======== INPUT RECORDS ========
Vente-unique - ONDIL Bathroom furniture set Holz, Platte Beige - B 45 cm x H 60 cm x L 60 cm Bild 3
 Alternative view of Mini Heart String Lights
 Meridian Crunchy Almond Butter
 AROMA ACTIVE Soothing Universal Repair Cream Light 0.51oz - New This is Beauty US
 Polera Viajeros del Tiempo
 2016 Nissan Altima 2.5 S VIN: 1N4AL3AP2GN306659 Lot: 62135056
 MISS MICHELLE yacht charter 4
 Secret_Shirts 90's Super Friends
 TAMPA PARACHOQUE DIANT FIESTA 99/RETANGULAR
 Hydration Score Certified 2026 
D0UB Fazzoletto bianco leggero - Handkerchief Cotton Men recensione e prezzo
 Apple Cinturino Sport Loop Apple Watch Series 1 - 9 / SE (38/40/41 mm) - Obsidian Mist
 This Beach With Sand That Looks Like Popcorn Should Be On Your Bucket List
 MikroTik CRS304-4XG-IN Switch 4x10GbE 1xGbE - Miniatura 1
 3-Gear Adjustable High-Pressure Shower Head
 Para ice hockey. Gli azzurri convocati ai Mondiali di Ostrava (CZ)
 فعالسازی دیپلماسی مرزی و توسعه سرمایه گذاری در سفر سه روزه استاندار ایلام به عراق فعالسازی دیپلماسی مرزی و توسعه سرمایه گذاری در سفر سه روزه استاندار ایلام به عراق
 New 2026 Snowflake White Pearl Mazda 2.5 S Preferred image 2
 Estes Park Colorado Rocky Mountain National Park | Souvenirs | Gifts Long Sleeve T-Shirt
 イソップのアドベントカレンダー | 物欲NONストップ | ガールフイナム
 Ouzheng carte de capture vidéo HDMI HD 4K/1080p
========
EXERCISE DIRECTIONS:
Print the line containing "Apple Cinturino Sport" and every line after it to the end of the records above, exactly as written, and nothing else.

EXPECTED OUTPUT:
 Apple Cinturino Sport Loop Apple Watch Series 1 - 9 / SE (38/40/41 mm) - Obsidian Mist
 This Beach With Sand That Looks Like Popcorn Should Be On Your Bucket List
 MikroTik CRS304-4XG-IN Switch 4x10GbE 1xGbE - Miniatura 1
 3-Gear Adjustable High-Pressure Shower Head
 Para ice hockey. Gli azzurri convocati ai Mondiali di Ostrava (CZ)
 فعالسازی دیپلماسی مرزی و توسعه سرمایه گذاری در سفر سه روزه استاندار ایلام به عراق فعالسازی دیپلماسی مرزی و توسعه سرمایه گذاری در سفر سه روزه استاندار ایلام به عراق
 New 2026 Snowflake White Pearl Mazda 2.5 S Preferred image 2
 Estes Park Colorado Rocky Mountain National Park | Souvenirs | Gifts Long Sleeve T-Shirt
 イソップのアドベントカレンダー | 物欲NONストップ | ガールフイナム
 Ouzheng carte de capture vidéo HDMI HD 4K/1080p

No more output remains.